Our judges for the Yo Momma smackdown are Jamie Kennedy and sportscaster Rich Eisen. Bill Bellamy is sporting a clip-on bow-tie. We begin with a "speed round" in which only four comics will advance? Alrighty, Louis Ramey vs. Jeff Dye. One minute for each comic to get in as many jokes as possible. They make it look as though Ramey scores early, Dye hits back late. But before judging, it's on to God's Pottery vs. Ron G. Oh boy. God's Pottery is going to be up for this challenge with the anti-Yo Momma jokes strategy, playing into their "Christian" ethic. They have Ron G off his guard. The look on his face is precious. Even his eyes are sighing. Marcus vs. Adam Hunter. Jim Tavare vs. Iliza Shlesinger. Paul Foot vs. Papa CJ. Esther Ku vs. Sean Cullen. They show Eisen really enjoying Cullen's joke of how Korean Ku's mom is, describing her body as both North and South Korea. The judging: Kennedy is claiming a few comics were telling really old Yo Momma jokes. Your four finalists in the challenge? First a commercial.
And another installment of Last Comic Driving, with Brit Lady Fearne Cotton "driving" contestant Stevie D. (btw, if you saw the repeat earlier this evening, they completely cut Brit Lady out of the picture for time, so boo, and oh, yeah, Stevie D. made some jokey jokes about long hair, but couldn't really hold my attention, did he hold yours?)
Grandma Lee from season 2 has the #7 joke?
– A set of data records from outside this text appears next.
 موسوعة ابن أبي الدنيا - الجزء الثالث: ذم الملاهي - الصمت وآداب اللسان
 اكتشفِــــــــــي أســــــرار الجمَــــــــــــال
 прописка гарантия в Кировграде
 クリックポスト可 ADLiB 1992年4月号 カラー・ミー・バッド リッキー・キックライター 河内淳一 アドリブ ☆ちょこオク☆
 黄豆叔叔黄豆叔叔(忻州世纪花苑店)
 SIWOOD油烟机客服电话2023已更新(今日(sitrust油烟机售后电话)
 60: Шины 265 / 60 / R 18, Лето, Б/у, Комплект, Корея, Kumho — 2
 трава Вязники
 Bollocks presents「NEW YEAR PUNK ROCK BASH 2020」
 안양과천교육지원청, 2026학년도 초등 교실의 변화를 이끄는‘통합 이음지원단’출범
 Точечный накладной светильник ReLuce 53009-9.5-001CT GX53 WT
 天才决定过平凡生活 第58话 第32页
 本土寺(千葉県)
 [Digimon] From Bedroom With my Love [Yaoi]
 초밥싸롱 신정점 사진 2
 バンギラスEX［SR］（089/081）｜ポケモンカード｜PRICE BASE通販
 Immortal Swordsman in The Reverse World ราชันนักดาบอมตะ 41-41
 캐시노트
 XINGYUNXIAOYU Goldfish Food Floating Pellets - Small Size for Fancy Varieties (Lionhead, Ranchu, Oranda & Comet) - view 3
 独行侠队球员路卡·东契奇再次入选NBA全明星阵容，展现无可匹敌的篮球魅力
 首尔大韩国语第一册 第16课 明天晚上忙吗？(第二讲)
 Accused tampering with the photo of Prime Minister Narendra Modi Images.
If it was so good, how come she didn't make it into the house, producers?
Your finalists in this challenge will be: Adam Hunter, God's Pottery, Jim Tavare and Sean Cullen. Oooh. This round is "you're such a hack" jokes! Hunter says fighting God's Pottery is like fighting Borat, and Borat, er, God's Pottery makes it to the finals. Cullen vs. Tavare. Tavare references Carrot Top! So it's God's Pottery vs. Tavare in the Main Event.
#6 "all-time best" features Doug Benson's joke about being "inconvenienced" on his way to a convenience store by a guy asking if Benson was going to Hell. Yay!
The Main Event is anything goes, but make it funny. Will God's Pottery succumb to temptation? What do you think. The winner of immunity is Jim Tavare.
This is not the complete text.